Taking its first step in response to mounting complaints about locksmiths who use phony addresses and columns of phone numbers and different names, the Department of Justice accused Locksmiths Inc. and its owner, Gabriel Munteoreanu, of operating under 113 fraudulent listings in 2009. Advertising local numbers and using false business addresses violate state consumer laws against false, deceptive and misleading practices, the lawsuit said.

The single company in New York gave the illusion of being many local companies by advertising in telephone directories and Internet listings, a practice that has come under scrutiny of consumer investigators across the country.

Complaints filed with the state's Department of Agriculture, Trade and Consumer Protection this year include numerous examples of lockout victims protesting the company's use of a phony address, overcharging for services, inept skills and dirty tricks against competitors.

According to the complaint, Locksmiths Inc. splits the payments made by customers to contracted locksmiths dispatched by Locksmiths Inc.

The lawsuit calls for the company to stop using state phone numbers and false addresses in its marketing, and to pay unspecified restitution, fines and cost of investigation and prosecution.

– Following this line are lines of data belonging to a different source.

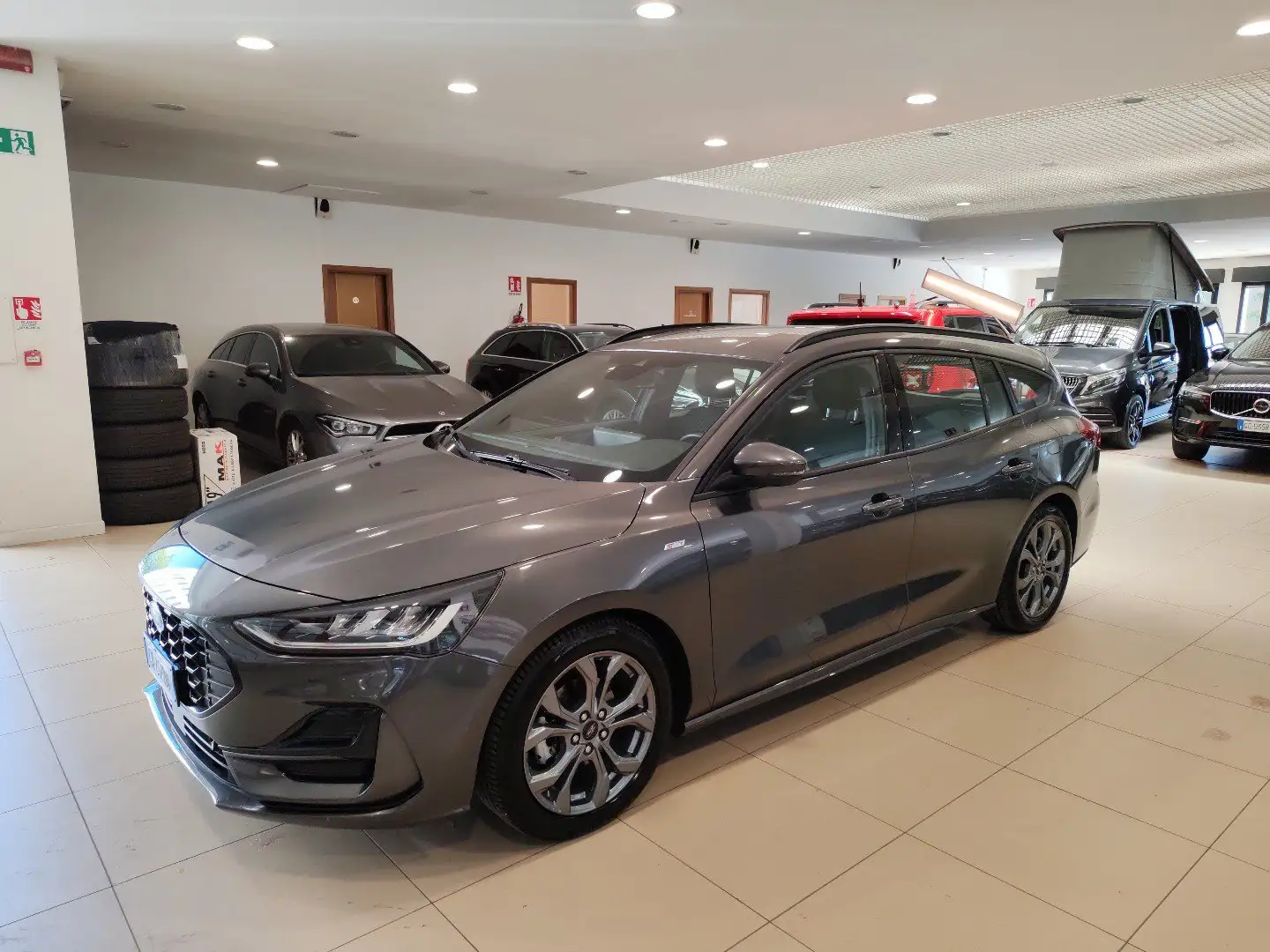 Ford Focus SW 1.5EcoBlue 115cv auto ST-Line Co-Pilot SYNC 4 Gris - 1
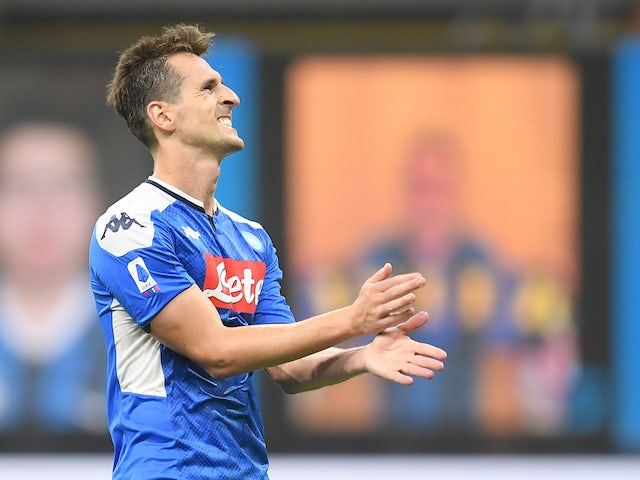 Tottenham 'to meet with Milik's agent on Wednesday to discuss deal'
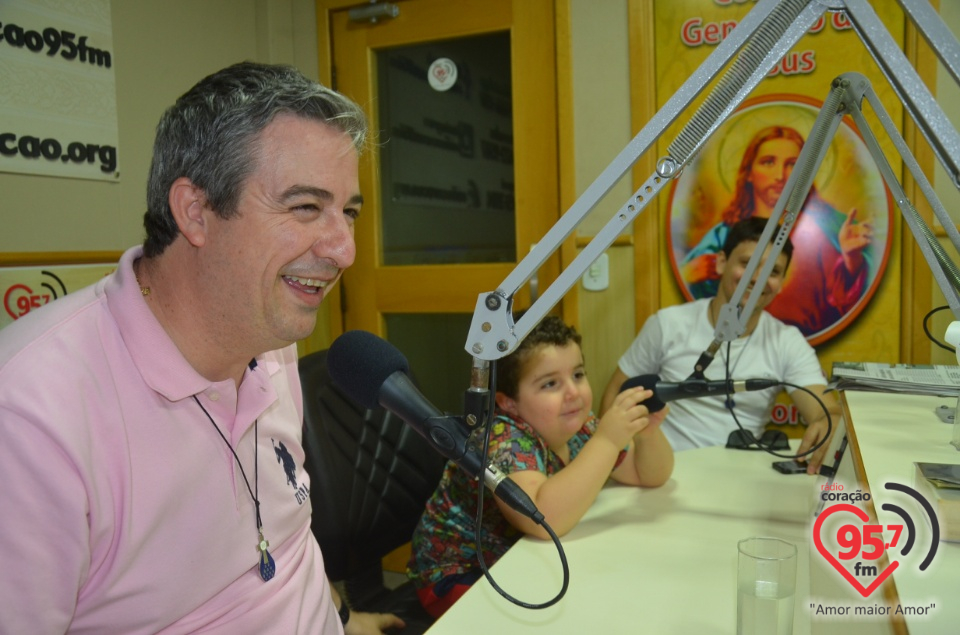 Missionário Rodrigo Ferreira visita Rádio Coração FM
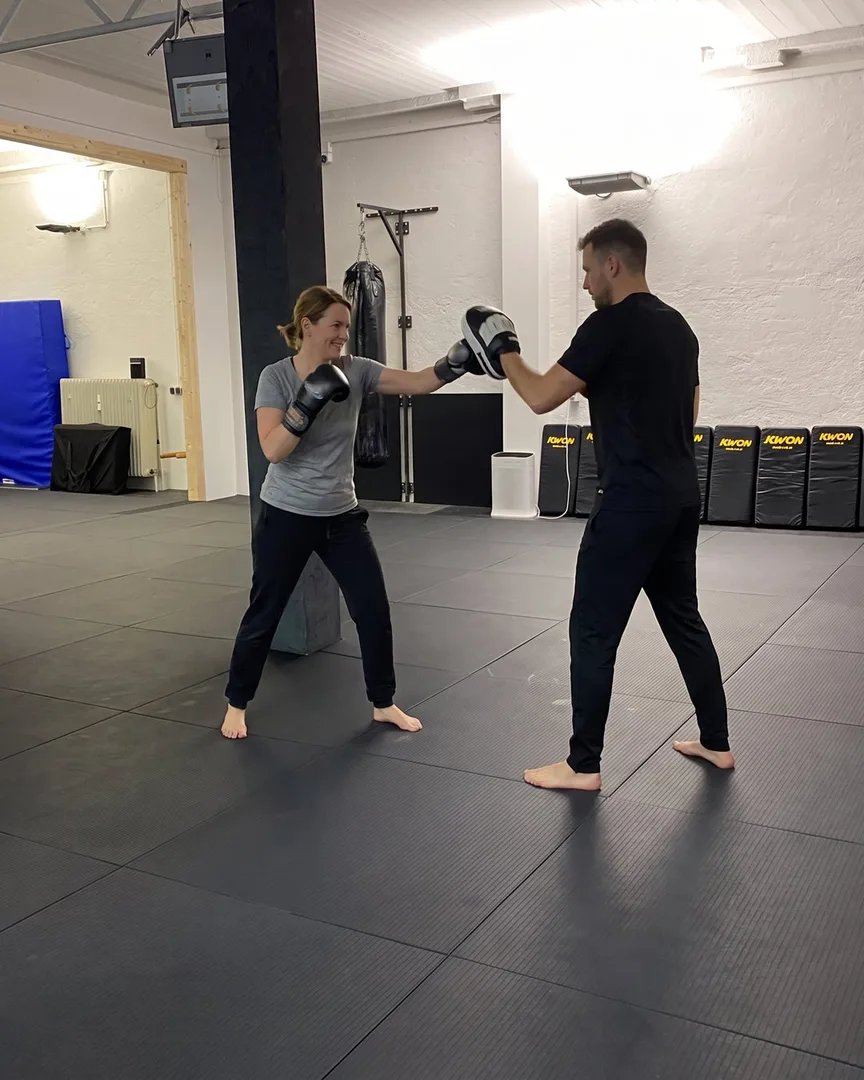 Einzeltraining mit Pratzen im Martial Arts Center München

Attempts to contact Locksmiths Inc. were unsuccessful.

A similar business marketing plan is used by Madison Locksmiths, a company set up in Madison in 2008.

The company, which is not a part of the current lawsuit, has generated several complaints from consumers as well as competing established locksmiths. A company spokesman, Joshua Burlin, acknowledged the company's business plan relied on multiple identities, numbers and addresses in its Madison listings. In reality, the company has a two-office suite on Madison's West Side off Odana Road. A call to any one of the businesses was routed to Burlin's office.

Someone answering a forwarded telephone inquiry at Madison Locksmiths Friday did not want to talk with a reporter.

In a news release, Department of Justice officials said "most consumers would not hire Locksmiths Inc. if they knew that it was not located at the address or phone number listed in the business directory used by the consumer to locate a locksmith."

Attorney General J.B. Van Hollen said that "consumers have a right to accurate information about businesses advertising in this state."